Recently, the First Affiliated Hospital of Chongqing Medical University (CQMU) has amassed a significant number of adolescent ECT cases. We intend to conduct a retrospective analysis on the ECT of depressive disorders with suicidal tendencies in teenagers, aiming to identify differences between successful and unsuccessful cases, thereby providing support for prognosis assessment and therapeutic guidance. We collected data on personal history, medical history, and standard treatment features to establish variables related to demographics, medical conditions, medications, and ECT treatment factors. Based on previous research, it is hypothesized that variables such as gender, disease duration, psychotic symptoms, suicidal behaviors, medication dosages, and ECT sessions may influence treatment effectiveness.

Methods

This study is a retrospective comparative research effort in which all patient names have been anonymized. Since the anonymized data cannot reveal the identity information of the patients, informed consent is not required. The Human Research and Ethics Committee of CQMU had approved this study (NO: 2022-K525).

Design

The study utilizes the electronic medical record system of CQMU to extract data according to predefined variables. It then investigates the relationship with ECT effectiveness using logistic regression model analyses, controlling for confounding variables.

Participants

All participants were psychiatric inpatients 18 years old or younger at CQMU, with discharge dates between December 31, 2016, and June 30, 2021 (n = 2231).

Inclusion criteria

(1) Receiving ECT. (2) Meeting the diagnostic standards in ICD-10, such as F32.2 (Severe depressive episode without psychotic symptoms) and F32.3 (Severe depressive episode with psychotic symptoms). (3) Clear suicidal intention or attempt, as indicated by the Columbia Suicide Severity Rating Scale (C-SSRS).

Exclusion criteria

(1) Diagnoses including F00-F09 (Organic mental disorders), F10-F19 (Mental and behavioral disorders resulting from psychoactive substance use), F20-F29 (Schizophrenia), F30–F31.9 (Manic episode, Bipolar affective disorder), F70–F79 (Mental retardation). (2) Absence of Clinical Global Impressions–Improvement scale (CGI-I) score.

Grouping standards

Employing the CGI-I score at discharge for evaluating overall efficacy as the basis for division, and first defining overall efficacy as: (1) Positive response: CGI-I score 1 (very much improved) or 2 (much improved). (2) Negative response: 3 (Minimally improved), 4 (No change).

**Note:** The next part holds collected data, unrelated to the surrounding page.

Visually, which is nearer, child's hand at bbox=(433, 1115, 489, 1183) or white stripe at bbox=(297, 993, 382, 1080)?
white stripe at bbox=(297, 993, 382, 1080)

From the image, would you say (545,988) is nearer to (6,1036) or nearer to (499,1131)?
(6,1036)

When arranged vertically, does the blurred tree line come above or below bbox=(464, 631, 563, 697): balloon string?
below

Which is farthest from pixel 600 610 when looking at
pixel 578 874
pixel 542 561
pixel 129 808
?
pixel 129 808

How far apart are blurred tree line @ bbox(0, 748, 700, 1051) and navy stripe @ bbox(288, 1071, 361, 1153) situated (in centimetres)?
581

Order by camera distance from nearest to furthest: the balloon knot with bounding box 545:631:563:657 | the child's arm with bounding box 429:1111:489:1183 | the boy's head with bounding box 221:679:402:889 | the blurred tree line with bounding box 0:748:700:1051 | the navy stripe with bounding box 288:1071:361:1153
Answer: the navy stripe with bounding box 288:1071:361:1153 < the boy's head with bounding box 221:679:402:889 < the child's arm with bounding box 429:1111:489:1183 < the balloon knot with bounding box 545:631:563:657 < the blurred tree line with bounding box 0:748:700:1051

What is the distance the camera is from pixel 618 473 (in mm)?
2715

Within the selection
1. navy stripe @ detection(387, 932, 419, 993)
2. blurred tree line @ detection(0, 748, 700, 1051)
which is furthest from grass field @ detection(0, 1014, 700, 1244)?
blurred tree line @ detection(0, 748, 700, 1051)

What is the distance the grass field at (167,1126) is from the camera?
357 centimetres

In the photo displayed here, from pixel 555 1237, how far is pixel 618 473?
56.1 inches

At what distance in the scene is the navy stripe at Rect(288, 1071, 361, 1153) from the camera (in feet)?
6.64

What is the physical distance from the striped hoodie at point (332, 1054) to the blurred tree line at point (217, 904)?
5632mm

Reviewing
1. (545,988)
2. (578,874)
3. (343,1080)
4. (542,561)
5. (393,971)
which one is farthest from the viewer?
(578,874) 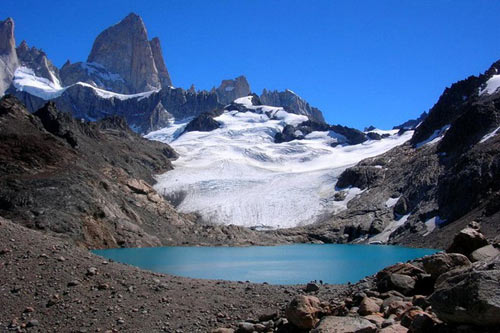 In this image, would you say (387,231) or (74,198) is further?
(387,231)

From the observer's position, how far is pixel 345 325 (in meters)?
9.71

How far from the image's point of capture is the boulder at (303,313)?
11164 mm

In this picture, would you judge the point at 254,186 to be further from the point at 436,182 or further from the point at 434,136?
the point at 436,182

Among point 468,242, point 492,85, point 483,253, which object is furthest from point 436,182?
point 483,253

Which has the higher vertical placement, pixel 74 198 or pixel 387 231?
pixel 74 198

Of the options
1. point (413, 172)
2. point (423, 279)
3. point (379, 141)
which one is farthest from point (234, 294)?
point (379, 141)

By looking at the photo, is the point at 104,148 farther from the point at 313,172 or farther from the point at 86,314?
the point at 86,314

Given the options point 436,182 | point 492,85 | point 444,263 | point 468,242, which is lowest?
point 444,263

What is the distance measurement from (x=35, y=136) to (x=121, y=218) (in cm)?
1740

Patients were then categorized into effective and ineffective groups according to the CGI-I positive or negative response, and other variable data were extracted from medical records. The procedure is illustrated in Fig. 1.

Fig. 1
figure 1

Patient selection

Variables and measures

Demographic variables

Age, gender, family history of psychiatric illness, family history of suicidal deaths. Family history is confined to two families and three generations, with only relatives definitively diagnosed with psychiatric illness assessed as positive.

Disease variables

Disease duration, psychotic symptoms, suicide attempts within the last month, hospitalizations at CQMU, hospitalizations at other psychiatric hospitals, Hamilton Depression Rating Scale (HAMD) score, Hamilton Anxiety Scale (HAMA) score, psychiatric comorbidities. Disease duration is the time from initial depression symptoms to current admission. The evaluation of psychotic symptoms is limited to whether they were present during the current hospital stay. Suicide attempts within the last month refer to the actual number of intentional actions taken to end one’s life but survived in the month prior to admission [22]. HAMD and HAMA scores are ratings at the time of admission.

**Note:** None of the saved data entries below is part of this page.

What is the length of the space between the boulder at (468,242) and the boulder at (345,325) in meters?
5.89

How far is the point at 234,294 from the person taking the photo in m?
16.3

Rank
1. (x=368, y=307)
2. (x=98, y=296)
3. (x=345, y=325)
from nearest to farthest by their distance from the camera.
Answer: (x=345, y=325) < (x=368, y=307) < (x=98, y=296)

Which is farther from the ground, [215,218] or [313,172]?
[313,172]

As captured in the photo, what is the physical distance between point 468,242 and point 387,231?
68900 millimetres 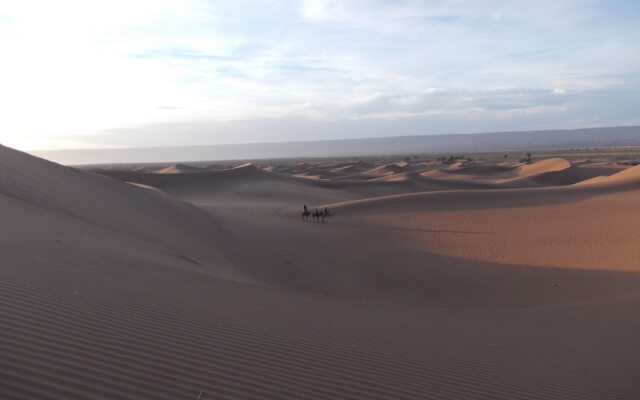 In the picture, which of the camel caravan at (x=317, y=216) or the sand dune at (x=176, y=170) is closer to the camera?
the camel caravan at (x=317, y=216)

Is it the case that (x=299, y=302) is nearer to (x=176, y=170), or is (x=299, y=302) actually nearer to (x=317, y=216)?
(x=317, y=216)

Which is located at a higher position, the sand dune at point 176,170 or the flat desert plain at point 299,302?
the sand dune at point 176,170

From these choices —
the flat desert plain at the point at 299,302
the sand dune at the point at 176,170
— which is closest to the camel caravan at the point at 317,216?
the flat desert plain at the point at 299,302

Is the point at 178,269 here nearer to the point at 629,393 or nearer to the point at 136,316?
the point at 136,316

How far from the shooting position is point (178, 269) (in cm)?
973

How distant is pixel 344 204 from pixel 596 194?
1147 centimetres

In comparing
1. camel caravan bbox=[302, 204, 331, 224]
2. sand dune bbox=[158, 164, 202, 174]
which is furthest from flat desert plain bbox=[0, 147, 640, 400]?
sand dune bbox=[158, 164, 202, 174]

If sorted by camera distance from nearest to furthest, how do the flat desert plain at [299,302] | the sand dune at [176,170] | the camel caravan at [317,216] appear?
the flat desert plain at [299,302] → the camel caravan at [317,216] → the sand dune at [176,170]

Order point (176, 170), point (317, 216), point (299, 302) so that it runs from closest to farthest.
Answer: point (299, 302)
point (317, 216)
point (176, 170)

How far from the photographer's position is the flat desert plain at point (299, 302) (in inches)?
182

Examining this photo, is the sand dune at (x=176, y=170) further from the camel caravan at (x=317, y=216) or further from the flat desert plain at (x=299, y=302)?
the flat desert plain at (x=299, y=302)

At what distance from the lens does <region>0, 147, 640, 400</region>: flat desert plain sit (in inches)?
182

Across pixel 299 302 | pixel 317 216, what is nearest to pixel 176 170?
pixel 317 216

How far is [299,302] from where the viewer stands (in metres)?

Medication treatment variables

Antidepressants, doses of antidepressants, fluoxetine equivalent dose, antipsychotics, doses of antipsychotics, olanzapine equivalent dose, mood stabilizers, sedative-hypnotics and other anti-anxiety drugs. Medication treatment encompasses the entire inpatient treatment period, besides mood stabilizers, they are prohibited from use during the ECT sessions period and are only prescribed in the discharge prescription after the ECTs. All medication treatment variables are selected at the time of discharge, and the units are consistently measured in mg. The doses of antidepressants and antipsychotics are converted to fluoxetine equivalent dose [23] and olanzapine equivalent dose [24, 25], respectively, to ensure comparability. The transformed variables were not entered into the statistical analysis.

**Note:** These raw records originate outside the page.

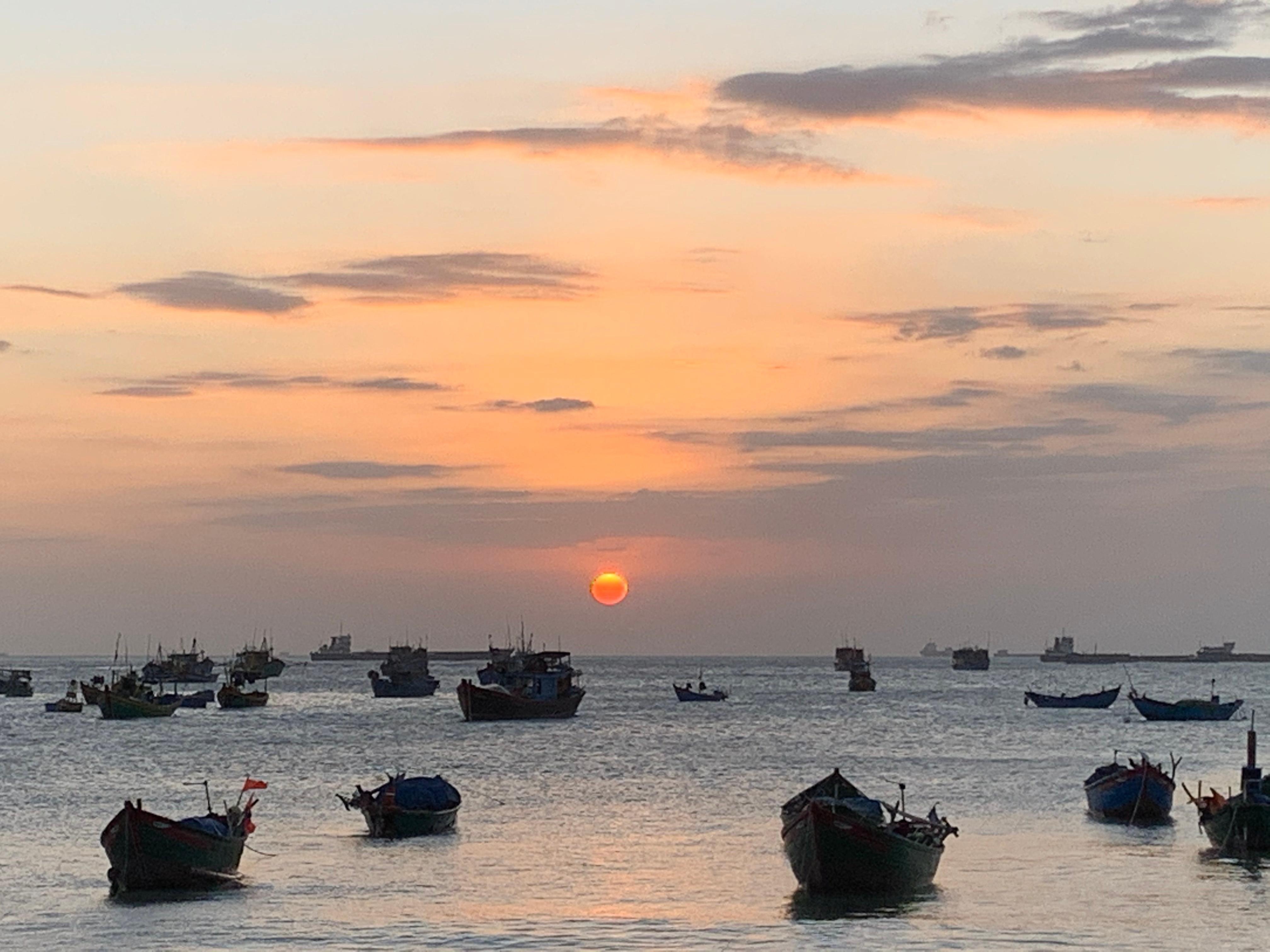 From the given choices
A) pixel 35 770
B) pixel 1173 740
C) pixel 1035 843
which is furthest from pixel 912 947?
pixel 1173 740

Variables of ECT treatment

ECT sessions, severe side effects of ECT, previous ECT treatment history. ECT sessions were provided for the duration of the current hospitalization, without maintenance ECTs. Severe side effects of ECT are defined as those that substantially affect function, manifest clear signs upon physical examination, and necessitate intervention.

Other variables

Days hospitalized.

Electroconvulsive therapy

All patients and their lawful guardians voluntarily accepted electroconvulsive therapy after being fully informed about the risks and benefits. The lawful guardians then completed the signing of the informed consent document. Prior to treatment, all physicians in the patient's medical team conducted a pre-treatment discussion to evaluate the indications and contraindications for ECT. The patient retains the right to demand the cessation of electroconvulsive therapy at any time.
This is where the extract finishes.